Rientro in fretta in casa, salendo le scale ed ignorando le urla esagitate di mia madre, la quale sembra essere ancora impegnata in una furiosa battaglia a scacchi contro il simpatico energumeno. Le scrivo un bigliettino nel quale spiego che dovrà venirmi a ritirare a casa del precisino, visto che, una volta assicuratami che quest'ultimo torni dal suo papino sano e salvo, non avrò la più pallida idea di come tornare alla mia amata dimora. Preciso che l'indirizzo glielo invierò per messaggio una volta giunta a destinazione.

Devo davvero muovermi a prendere la patente.

Afferro lo zaino e vi ci ficco dentro il telefono; appiccico il post-it sul frigo ed esco del retro.

Mi dirigo verso il parcheggio, dove trovo Anderson già in macchina, visibilmente scocciato e con le dita che tamburellano con furia sul volante.

-Sembri stare decisamente meglio- esclamo, salendo con un balzo sul suo enorme macchinone. È talmente alto il dislivello tra la portiera ed il terreno che quasi fatico ad arrivarci.

-Sí, non sono uno che si scoraggia per tutto.-

Sto quasi per ricordargli la scenata fattami in camera a causa della corretta reggenza di un cavolo di fazzoletto, ma decido, ancora una volta, di lasciar perdere.

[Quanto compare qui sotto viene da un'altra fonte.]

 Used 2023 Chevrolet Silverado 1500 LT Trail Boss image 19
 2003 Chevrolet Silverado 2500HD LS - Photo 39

Il mio autocontrollo, ultimamente, sta subendo degli sviluppi decisamente inaspettati.

Partiamo, ed il "viaggio" procede in un silenzio tombale per più di 5 minuti.
Nessuno dei due sembra aver molta voglia di chiacchierare, o, per meglio dire, litigare, visto che va sempre a finire così ogni qualvolta ci rivolgiamo la parola l'un l'altro.
Ma, come i più già sapranno, io odio questi momenti imbarazzanti che si intervallano nelle conversazioni tra due persone.
Perciò, afferro il mio zaino, tirandone fuori una vasta collezione di CD.
Li scruto per un attimo, scegliendone infine uno dei miei preferiti ed infilandolo nel lettore incastonato nella macchina di Anderson.
"Ora, tanto per rimanere in tema, sono davvero nelle mani degli dei" penso, preoccupata per la reazione che potrebbe avere alla vista di anche una sola ditata sul suo prezioso stereo.
Smanetto un pò con i vari pulsanti, appoggiando infine gli altri dischi sul cruscotto e godendomi l'inizio di una delle mie canzoni preferite.
Percepisco gli occhi del ragazzo indugiare da me alla strada.
La musica parte ed io sento la mia anima risvegliarsi, evocata da sotto le ansie e le preoccupazioni della vita quotidiana, fattasi, ultimamente, sempre più complicata.
Mi accoccolo contro il finestrino, appoggiandovi la fronte e chiudendo gli occhi.
Tutto sotto lo sguardo per metà incuriosito e per metà scettico di Anderson.